73. Two different signs

a. Two different signs, ं and ँ, are found in the manuscripts, indicating the nasal sound here treated of. Usually they are written above the syllable, and there they seem most naturally to imply a nasal affection of the vowel of the syllable, a nasal (anunāsika) vowel. Hence some texts (Sāma- and Yajur-Vedas), when they mean a real anusvāra, bring one of the signs down into the ordinary consonant-place; but the usage is not general. As between the two signs, some manuscripts employ, or tend to employ, the ँ where a nasalized (anunāsika) vowel is to be recognized, and elsewhere the ं; and this distinction is consistently observed in many European printed texts; and the former is called the anunāsika sign: but the two are doubtless originally and properly equivalent.

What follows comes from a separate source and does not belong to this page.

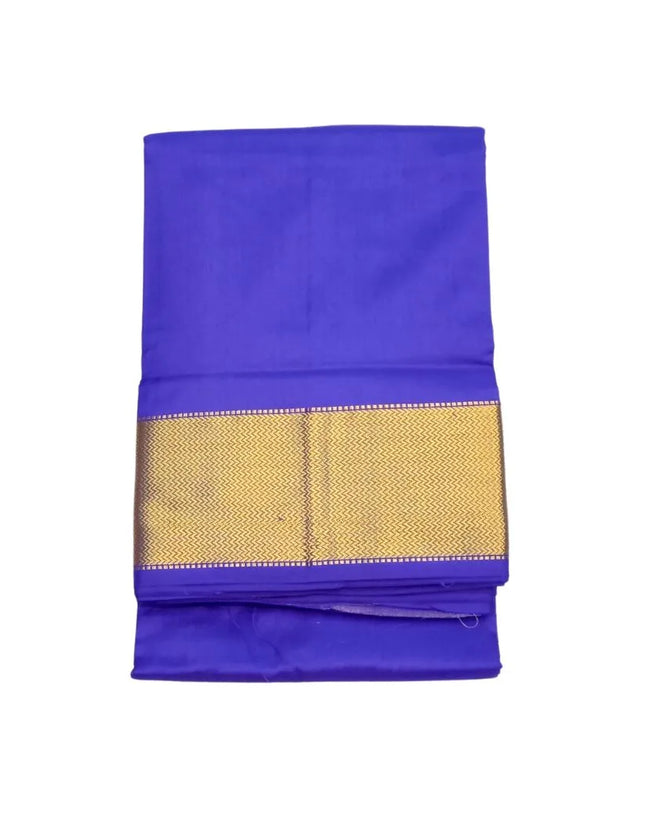 Men Pure Silk Big Border Blue Panchakacham Dhoti 9x5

b. It is a very common custom of the manuscripts to write an anusvāra-sign for any nasal following the vowel of a syllable, either before another consonant or as final (not before a vowel), without any reference to whether it is to be pronounced as nasal mute, nasal semivowel, or anusvāra. Some printed texts follow this slovenly and undesirable habit; but most write a nasal mute whenever it is to be pronounced — excepting where it is an assimilated m (213).

c. It is convenient also in transliteration to distinguish the assimilated m by a special sign, ṁ, from the anusvāra of more independent origin, ṅ; and this method will be followed in the present work.